Da lì è partito il bando Innova musei con Fondazione cariplo e unioncamere, seguito da una manifestazione d’interesse: 121 i progetti arrivati da varie realtà e “16 i musei che hanno accettato di farsi rivoltare come un calzino per incrementare il tasso di nuove tecnologie applicate alla rappresentazione museale”. Il pericolo, altrimenti, è quello di avere nel giro di vent’anni i musei vuoti. “Se andiamo avanti con i criteri adottati fin qui e che sono quelli degli anni ’60, ’70, ’80, ’90 nei musei non ci va più nessuno”. Stoccata al ministero? Non è tanto o solo quello, è che in questo modo si stringe sempre più il rapporto pubblico-privato e la possibilità di sfruttare al meglio l’Art bonus. “All’inizio del mio lavoro, il 34 per cento degli investimenti in cultura arrivava dall’Art bonus. Sono riuscito a portarlo al 51. Durante il Covid gli investimenti in cultura sono aumentati da 187 milioni a 213 milioni, una cosa straordinaria. In totale, sono 300 milioni di euro, il 16 per cento di Regione, il 33 dello Stato insieme a provincie e comuni, e il 51 per cento dei privati”. 

 

Ma nasce un problema: le regioni non sono coinvolte nella filiera decisionale dell’Art bonus. “La regione non viene informata, non sappiamo nulla di dove vanno gli investimenti, se non per gentile concessione di qualche sindaco. Se ne fossimo a conoscenza potremmo integrare con risorse regionali studiando strategie pubblico-privato virtuose”. Non solo. “Bisognerebbe allargare l’Art bonus anche a musei, teatri, cinema privati e non solo a beni pubblici. Su 603 musei in Lombardia solo 12 sono statali e con i musei civici arriviamo sui duecento e rotti. E sono quelli che fanno più fatica, non per colpa loro, perché manca il personale. Le incisioni rupestri in Val Camonica, con il 2023 alle porte quando Brescia sarà capitale della cultura, il sabato e la domenica sono chiuse perché sono spesso in difficoltà.

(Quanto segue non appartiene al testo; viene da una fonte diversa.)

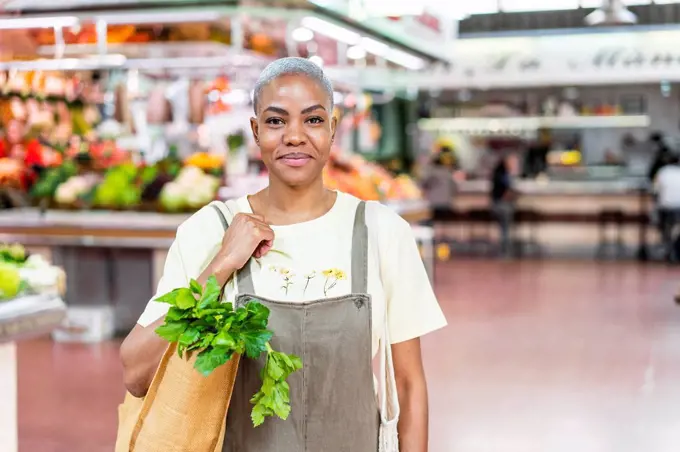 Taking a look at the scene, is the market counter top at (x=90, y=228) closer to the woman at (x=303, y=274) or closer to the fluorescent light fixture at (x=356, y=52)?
the fluorescent light fixture at (x=356, y=52)

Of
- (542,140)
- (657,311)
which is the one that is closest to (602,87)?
(542,140)

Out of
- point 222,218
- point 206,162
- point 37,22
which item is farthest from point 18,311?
point 37,22

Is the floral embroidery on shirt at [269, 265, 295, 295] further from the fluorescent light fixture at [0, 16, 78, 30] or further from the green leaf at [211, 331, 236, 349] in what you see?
the fluorescent light fixture at [0, 16, 78, 30]

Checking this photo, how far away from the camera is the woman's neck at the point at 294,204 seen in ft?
6.50

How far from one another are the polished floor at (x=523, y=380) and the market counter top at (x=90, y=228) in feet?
2.85

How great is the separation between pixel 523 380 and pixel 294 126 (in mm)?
5059

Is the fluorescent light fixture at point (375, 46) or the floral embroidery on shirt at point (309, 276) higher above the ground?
the fluorescent light fixture at point (375, 46)

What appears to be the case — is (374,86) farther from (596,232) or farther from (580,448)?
(580,448)

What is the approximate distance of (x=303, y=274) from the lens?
191cm

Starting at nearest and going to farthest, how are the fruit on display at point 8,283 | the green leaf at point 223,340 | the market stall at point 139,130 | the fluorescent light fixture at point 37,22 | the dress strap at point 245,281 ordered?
1. the green leaf at point 223,340
2. the dress strap at point 245,281
3. the fruit on display at point 8,283
4. the market stall at point 139,130
5. the fluorescent light fixture at point 37,22

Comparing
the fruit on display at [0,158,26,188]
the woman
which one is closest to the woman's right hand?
the woman

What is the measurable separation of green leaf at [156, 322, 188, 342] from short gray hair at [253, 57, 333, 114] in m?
0.48

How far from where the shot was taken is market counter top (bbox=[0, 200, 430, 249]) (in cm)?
787

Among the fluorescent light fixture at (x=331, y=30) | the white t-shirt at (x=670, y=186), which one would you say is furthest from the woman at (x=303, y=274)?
the white t-shirt at (x=670, y=186) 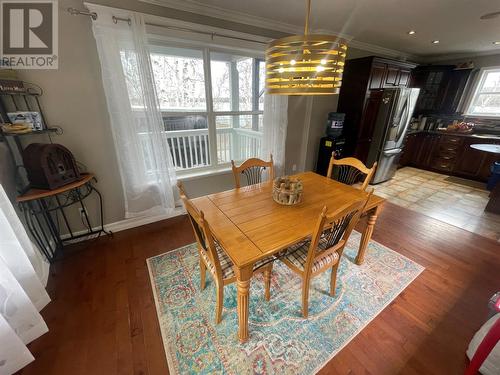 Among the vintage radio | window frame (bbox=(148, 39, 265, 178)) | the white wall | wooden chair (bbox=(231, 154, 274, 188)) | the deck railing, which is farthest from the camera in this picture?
the deck railing

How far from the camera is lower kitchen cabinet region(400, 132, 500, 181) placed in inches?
155

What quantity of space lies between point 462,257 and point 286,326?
6.66 ft

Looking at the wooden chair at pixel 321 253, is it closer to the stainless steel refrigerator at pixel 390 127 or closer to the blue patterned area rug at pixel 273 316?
the blue patterned area rug at pixel 273 316

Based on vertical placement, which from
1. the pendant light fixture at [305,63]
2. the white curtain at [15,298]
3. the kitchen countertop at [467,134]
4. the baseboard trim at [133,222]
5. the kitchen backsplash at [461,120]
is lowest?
the baseboard trim at [133,222]

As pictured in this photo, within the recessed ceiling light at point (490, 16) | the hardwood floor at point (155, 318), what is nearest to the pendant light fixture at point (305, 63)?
the hardwood floor at point (155, 318)

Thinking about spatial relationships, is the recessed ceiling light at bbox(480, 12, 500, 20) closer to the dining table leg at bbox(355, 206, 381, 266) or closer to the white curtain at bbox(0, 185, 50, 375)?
the dining table leg at bbox(355, 206, 381, 266)

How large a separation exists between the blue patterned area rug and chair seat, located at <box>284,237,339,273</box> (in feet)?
1.29

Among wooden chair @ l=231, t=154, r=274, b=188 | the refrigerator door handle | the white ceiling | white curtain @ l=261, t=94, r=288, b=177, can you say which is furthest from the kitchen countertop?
Answer: wooden chair @ l=231, t=154, r=274, b=188

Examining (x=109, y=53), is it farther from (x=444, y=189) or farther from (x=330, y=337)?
(x=444, y=189)

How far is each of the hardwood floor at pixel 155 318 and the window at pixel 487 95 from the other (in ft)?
12.3

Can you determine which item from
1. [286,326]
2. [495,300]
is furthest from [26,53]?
[495,300]

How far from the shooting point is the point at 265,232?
1243mm

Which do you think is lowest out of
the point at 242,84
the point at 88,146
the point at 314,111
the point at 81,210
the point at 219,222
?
the point at 81,210

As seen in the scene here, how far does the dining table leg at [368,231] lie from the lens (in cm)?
169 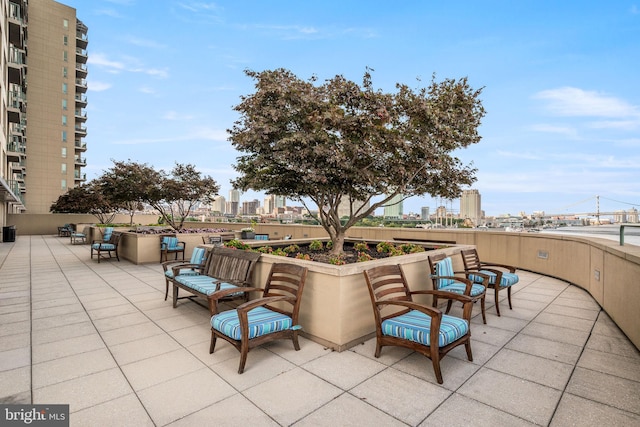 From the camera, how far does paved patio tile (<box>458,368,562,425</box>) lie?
2.49 metres

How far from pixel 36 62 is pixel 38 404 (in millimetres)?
56767

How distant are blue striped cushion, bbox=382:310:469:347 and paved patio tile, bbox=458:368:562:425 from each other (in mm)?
413

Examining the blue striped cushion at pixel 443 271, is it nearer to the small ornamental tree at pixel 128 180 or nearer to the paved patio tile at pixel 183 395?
the paved patio tile at pixel 183 395

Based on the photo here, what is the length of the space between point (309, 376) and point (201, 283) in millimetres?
2662

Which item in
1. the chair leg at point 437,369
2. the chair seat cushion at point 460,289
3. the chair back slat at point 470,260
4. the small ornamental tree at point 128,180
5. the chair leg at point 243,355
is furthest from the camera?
the small ornamental tree at point 128,180

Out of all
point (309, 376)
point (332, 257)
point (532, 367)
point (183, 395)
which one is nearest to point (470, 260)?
point (332, 257)

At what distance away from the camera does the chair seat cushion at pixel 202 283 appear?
4668 millimetres

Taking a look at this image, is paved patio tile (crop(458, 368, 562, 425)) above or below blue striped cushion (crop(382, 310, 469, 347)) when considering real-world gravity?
below

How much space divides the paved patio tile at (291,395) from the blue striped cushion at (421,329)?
0.82 meters

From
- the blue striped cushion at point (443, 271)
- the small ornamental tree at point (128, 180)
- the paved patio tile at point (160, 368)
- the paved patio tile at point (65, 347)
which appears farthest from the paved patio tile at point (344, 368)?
the small ornamental tree at point (128, 180)

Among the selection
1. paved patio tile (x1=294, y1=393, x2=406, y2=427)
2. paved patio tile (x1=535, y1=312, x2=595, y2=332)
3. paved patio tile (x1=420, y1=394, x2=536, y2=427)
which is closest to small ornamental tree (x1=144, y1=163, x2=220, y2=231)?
paved patio tile (x1=294, y1=393, x2=406, y2=427)

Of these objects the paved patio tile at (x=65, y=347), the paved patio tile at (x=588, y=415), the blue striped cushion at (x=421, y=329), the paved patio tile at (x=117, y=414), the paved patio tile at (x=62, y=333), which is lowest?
the paved patio tile at (x=62, y=333)

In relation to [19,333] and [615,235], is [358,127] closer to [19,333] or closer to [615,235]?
[615,235]

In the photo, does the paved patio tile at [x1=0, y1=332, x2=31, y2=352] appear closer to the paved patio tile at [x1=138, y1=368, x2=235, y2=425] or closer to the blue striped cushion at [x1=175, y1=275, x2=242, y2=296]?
the blue striped cushion at [x1=175, y1=275, x2=242, y2=296] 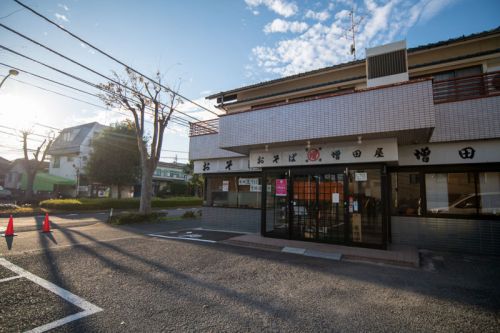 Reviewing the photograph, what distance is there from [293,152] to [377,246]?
4.13 meters

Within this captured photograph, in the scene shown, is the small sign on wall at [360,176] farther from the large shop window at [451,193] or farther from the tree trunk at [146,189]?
the tree trunk at [146,189]

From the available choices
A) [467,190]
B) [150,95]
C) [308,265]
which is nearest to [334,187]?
[308,265]

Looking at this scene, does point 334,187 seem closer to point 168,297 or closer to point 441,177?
point 441,177

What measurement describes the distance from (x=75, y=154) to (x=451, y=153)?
38.5 metres

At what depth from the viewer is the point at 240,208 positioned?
11438mm

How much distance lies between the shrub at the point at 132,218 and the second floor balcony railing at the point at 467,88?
15367 millimetres

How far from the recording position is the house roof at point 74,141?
32844mm

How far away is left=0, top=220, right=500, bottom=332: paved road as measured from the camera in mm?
3432

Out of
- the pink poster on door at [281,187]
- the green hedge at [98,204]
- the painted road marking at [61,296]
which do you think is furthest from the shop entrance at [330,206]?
the green hedge at [98,204]

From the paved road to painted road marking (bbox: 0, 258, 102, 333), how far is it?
122 mm

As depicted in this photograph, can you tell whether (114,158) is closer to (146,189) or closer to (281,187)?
(146,189)

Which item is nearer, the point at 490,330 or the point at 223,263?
the point at 490,330

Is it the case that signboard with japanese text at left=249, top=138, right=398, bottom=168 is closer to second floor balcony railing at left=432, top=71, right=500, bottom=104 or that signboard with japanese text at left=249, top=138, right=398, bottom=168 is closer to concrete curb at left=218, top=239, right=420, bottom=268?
second floor balcony railing at left=432, top=71, right=500, bottom=104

Tante le lamentele che ricevo, ma è al ministero che ci si deve rivolgere”.

 

Con il comune di Milano? “Buona cordialità dal punto di vista personale, l’assessore è arrivato da poco e io tra poco me ne vado, quindi non c’è il tempo tecnico per fare cose insieme”. Ma le fratture ci sono. “Siamo distanti anni luce sul tema del Piccolo teatro. Due anni e mezzo fa in occasione della nomina del nuovo direttore avevo fatto una battaglia politica. I soci del Piccolo sono il comune, la regione e la Camera di commercio. Non volevo ingerenze rispetto a questo schema eppure c’è stata da parte del ministero”. Ma i soci sono tre, e Stefano Bruno Galli rivendica un a responsabilità paritetica: “Il presidente dobbiamo trovarlo tra di noi, e di fronte al mio ostruzionismo si erano inventati di aumentare il numero dei membri del cda”. Mai mulà.